Eduardo, o menino que aos seis anos comia cola. Eduardo, o garoto calado que
poucos sabiam o que estavam pensando. Eduardo, o menino que fez pum no meio da
aula aos dez anos. Eduardo, o possível psicopata. eduardo, Eduardo, EDUARDO, “EDUARDO!”

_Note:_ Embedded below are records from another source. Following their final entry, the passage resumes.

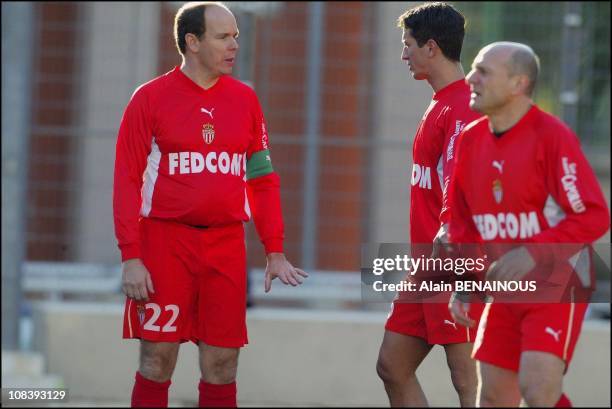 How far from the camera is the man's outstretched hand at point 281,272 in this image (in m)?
6.35

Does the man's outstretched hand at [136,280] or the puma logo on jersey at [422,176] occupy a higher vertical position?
the puma logo on jersey at [422,176]

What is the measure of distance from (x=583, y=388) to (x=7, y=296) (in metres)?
3.67

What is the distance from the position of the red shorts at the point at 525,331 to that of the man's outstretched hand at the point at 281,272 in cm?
121

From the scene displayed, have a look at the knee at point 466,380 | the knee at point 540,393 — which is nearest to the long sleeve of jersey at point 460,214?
the knee at point 540,393

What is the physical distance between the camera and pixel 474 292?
18.3 feet

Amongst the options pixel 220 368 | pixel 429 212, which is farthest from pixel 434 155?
pixel 220 368

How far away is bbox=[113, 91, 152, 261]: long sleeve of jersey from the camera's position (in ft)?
19.9

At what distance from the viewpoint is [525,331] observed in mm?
5074

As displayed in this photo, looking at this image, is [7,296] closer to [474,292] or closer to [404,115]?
[404,115]

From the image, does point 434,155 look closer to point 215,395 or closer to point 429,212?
point 429,212

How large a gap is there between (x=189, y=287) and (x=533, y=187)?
1756 mm

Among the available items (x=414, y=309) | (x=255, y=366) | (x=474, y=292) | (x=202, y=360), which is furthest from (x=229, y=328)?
(x=255, y=366)

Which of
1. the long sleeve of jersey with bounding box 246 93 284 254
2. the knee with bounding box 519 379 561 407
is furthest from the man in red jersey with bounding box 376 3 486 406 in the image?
the knee with bounding box 519 379 561 407

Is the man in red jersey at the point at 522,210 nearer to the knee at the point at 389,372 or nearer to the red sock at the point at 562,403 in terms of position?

podia relembrar do mesmo som do trincar do cinto de seu tio alcoólatra em seus
braços quando “Não faz nada direito! Nem para pegar minha pinga, seu
nojentozinho!”. Sua mãe o dissera que seu tio estava preso e que eles dois
estavam bem, mas quem poderia garantir que viveriam por mais tempo? Além disso,
ainda que estivesse tentando se recuperar com uma psicóloga e com um pedagogo,
achava difícil clarear aquelas imagens da memória. As mesmas que o deixavam trêmulo,
as mesmas que o faziam se perguntar se aguentaria mais um dia...
Antes que ele desse
conta, já estava andando até a uma roda:
― Aê, Dudu! ― um menino
o cumprimentou com um sorriso travesso. ― Vem cá!
― Eu não sabia que você
tinha essa coragem. ― ironizou Heloísa, embora sorrisse.
― Que bom que ele veio,
não é, Gil? ― outra garota, Rebecca, disse animada.
― Bom...? ― um menino
menor e baixinho parecia estar em pânico ao vê-lo.
Eduardo se sentou
calado, movido pela culpa, no lugar vago entre o menino faladeiro e o quieto. Os
cumprimentos prosseguiram ainda por um ou dois minutos. Observava que o menor
dos demais parecia estar tentando evitar fazer um contato visual; logo se
intrigou e revirou suas lembranças para encontrar a que pertencia à sensação de
conhecê-lo: aquele era Gilberto, o sobrinho do padre diretor da escola
anterior. Este não chegava a falar muito, apesar de muitos o acharem um ‘menino
puro’ por ser ‘de igreja’.
Antes que Eduardo
pudesse se interrogar nas reservas de sua mente o que o outro fazia naquela
mesma escola, uma garrafinha vazia já girava no centro. Assim, já começava a
primeira rodada de perguntas, respostas e desafios. Heloísa e o menino maior –
seu nome era Carlos – eram os mais enérgicos nas respostas e tentavam rebater
os desafios, enquanto Rebecca tinha coragem o suficiente para enfrentar aquilo
e um pouco mais.
― Ah, agora sou eu quem
vai perguntar, há, há! ― os olhos dela brilharam na décima terceira rodada,
quando todos estavam cansados. ― Gilberto, verdade ou desafio?
O menino, quem Eduardo
notou que acatava mais a desafios do que respostas, falou:
― ...Desafio... É.
Desafio. ― seu tom de voz, o outro estranhou, estremecia.
O sorriso de Rebecca
aumentou e ela começou a assobiar. Ideias, ideias que pareceram deliciosas a
ela, começaram a dançar em sua mente, a qual guardava certos segredos. Um de
seus dedos cutucava perto de seu queixo e seus olhos se voltaram para o céu de
tarde.
― Eu te desafio... ―
iniciou seu tormento, tal sentimento incitado por um pensamento que guardara no
fundo de sua alma há meses de planejamento. ― Eu te desafio para quê mesmo?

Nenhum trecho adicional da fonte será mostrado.